## [TASK TO CARRY OUT]
Going line by line through the records below, write out everything starting with the line containing "ART BLAKEY Moanin'" and going on through the line containing "TAOS 1.4 250", exactly and inclusively. Pictures do not go in.

=== RECORDS SUPPLIED ===

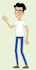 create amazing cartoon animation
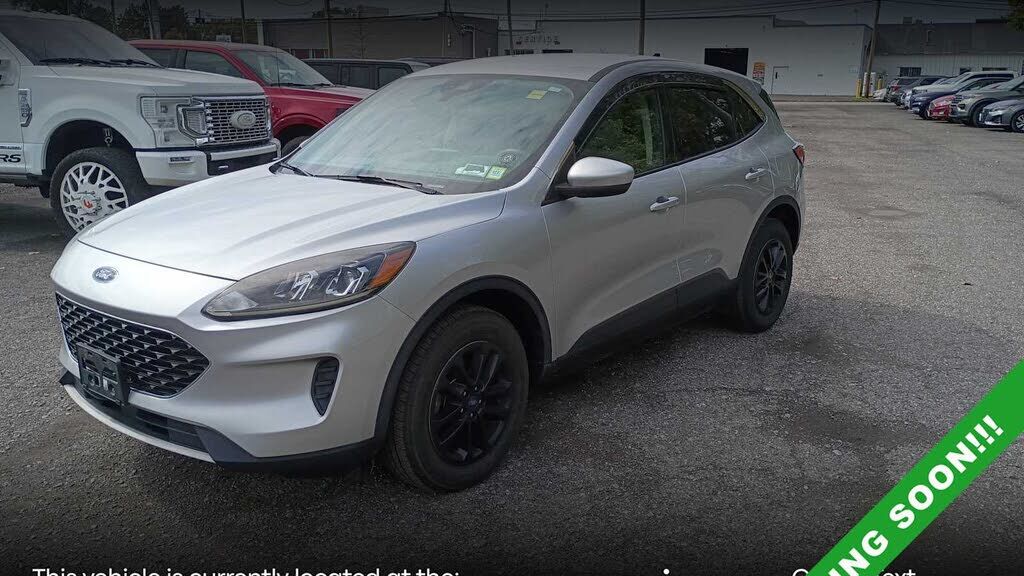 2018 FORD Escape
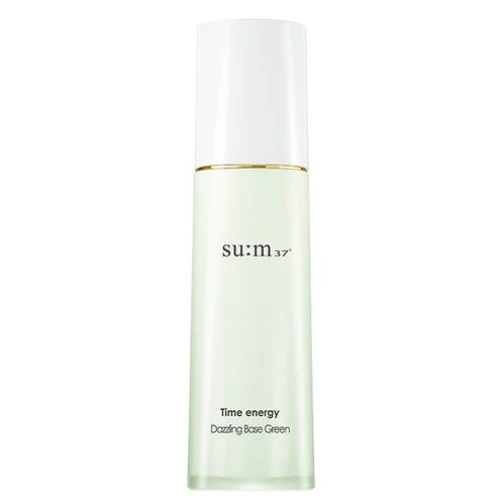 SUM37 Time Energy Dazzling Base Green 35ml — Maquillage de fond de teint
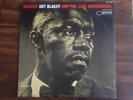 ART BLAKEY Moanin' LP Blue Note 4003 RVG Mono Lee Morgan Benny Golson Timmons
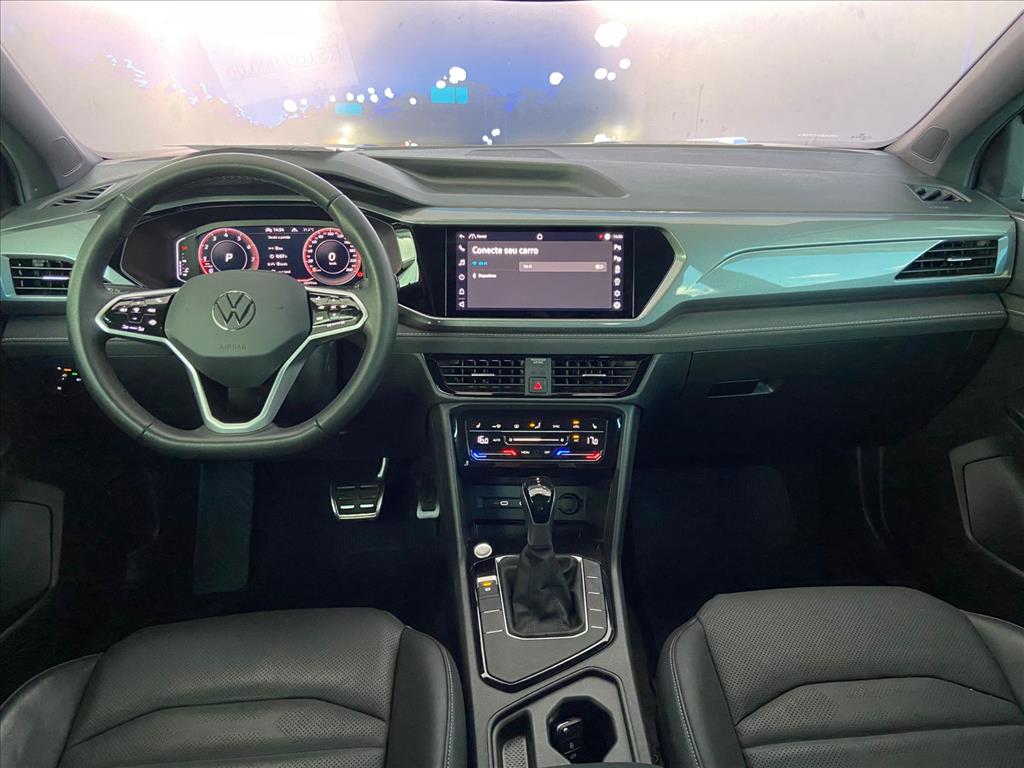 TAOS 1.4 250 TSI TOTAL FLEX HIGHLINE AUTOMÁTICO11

===
=== RECORDS SUPPLIED ===

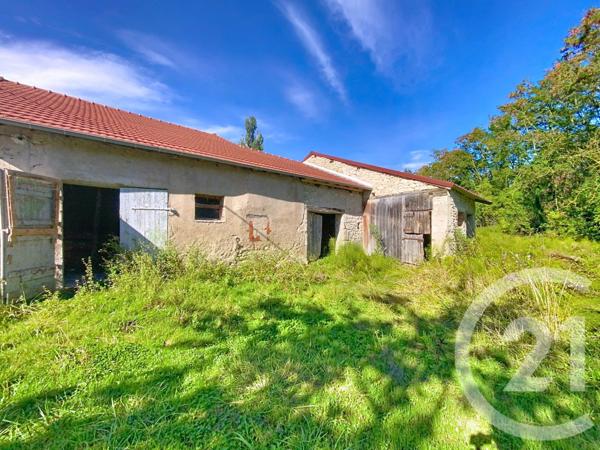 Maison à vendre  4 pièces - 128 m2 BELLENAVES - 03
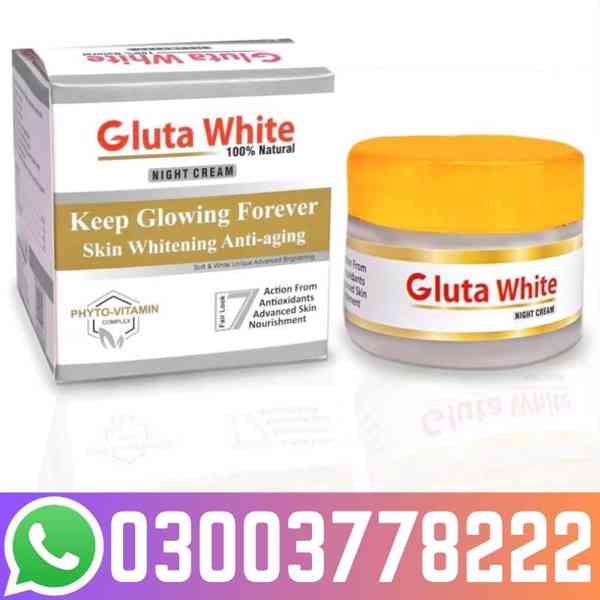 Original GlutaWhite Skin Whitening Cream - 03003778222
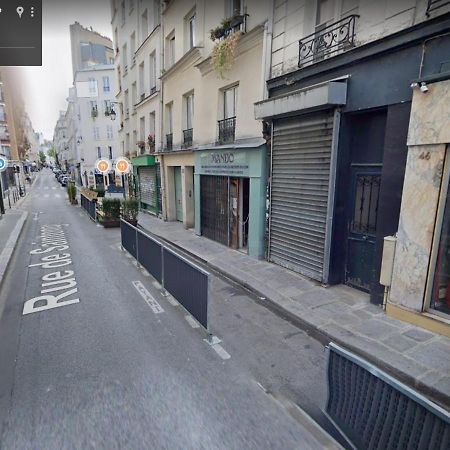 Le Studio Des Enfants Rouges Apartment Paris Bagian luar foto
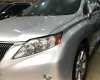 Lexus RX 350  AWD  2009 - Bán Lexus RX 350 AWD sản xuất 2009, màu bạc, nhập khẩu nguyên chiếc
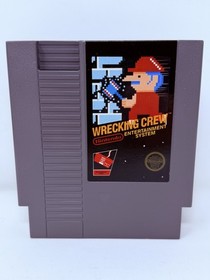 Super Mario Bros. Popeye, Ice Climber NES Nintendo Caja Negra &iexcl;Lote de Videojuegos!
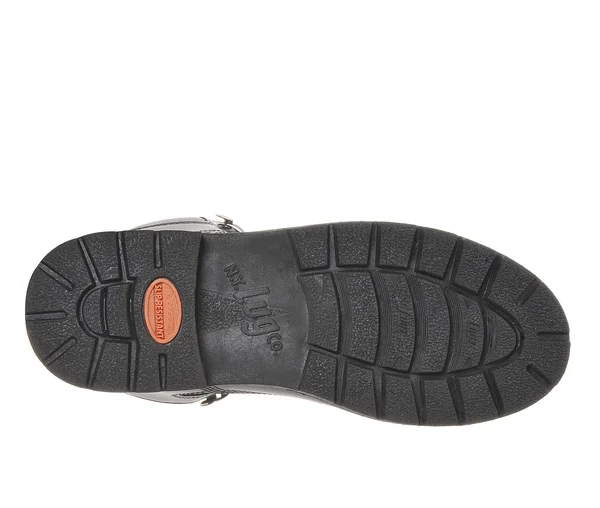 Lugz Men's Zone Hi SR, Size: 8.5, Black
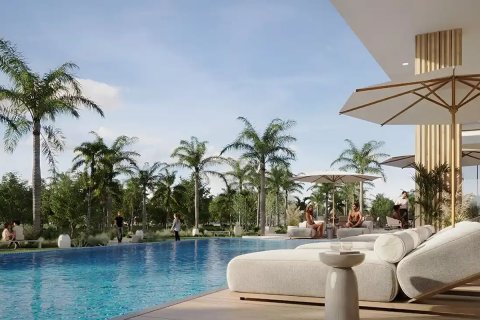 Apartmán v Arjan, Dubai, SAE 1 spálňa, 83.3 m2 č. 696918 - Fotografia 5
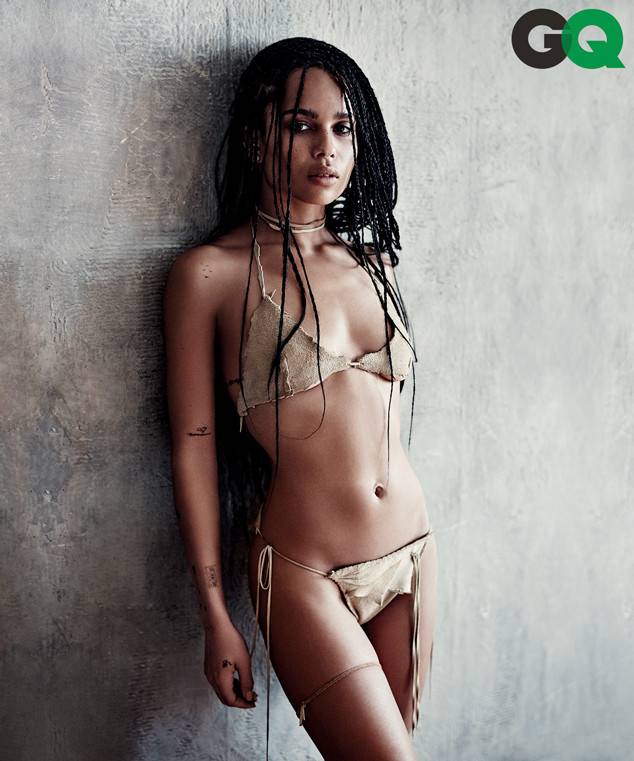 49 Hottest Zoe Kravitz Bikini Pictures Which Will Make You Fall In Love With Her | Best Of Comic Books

===

## [ANSWER AREA]
 ART BLAKEY Moanin' LP Blue Note 4003 RVG Mono Lee Morgan Benny Golson Timmons
 TAOS 1.4 250 TSI TOTAL FLEX HIGHLINE AUTOMÁTICO11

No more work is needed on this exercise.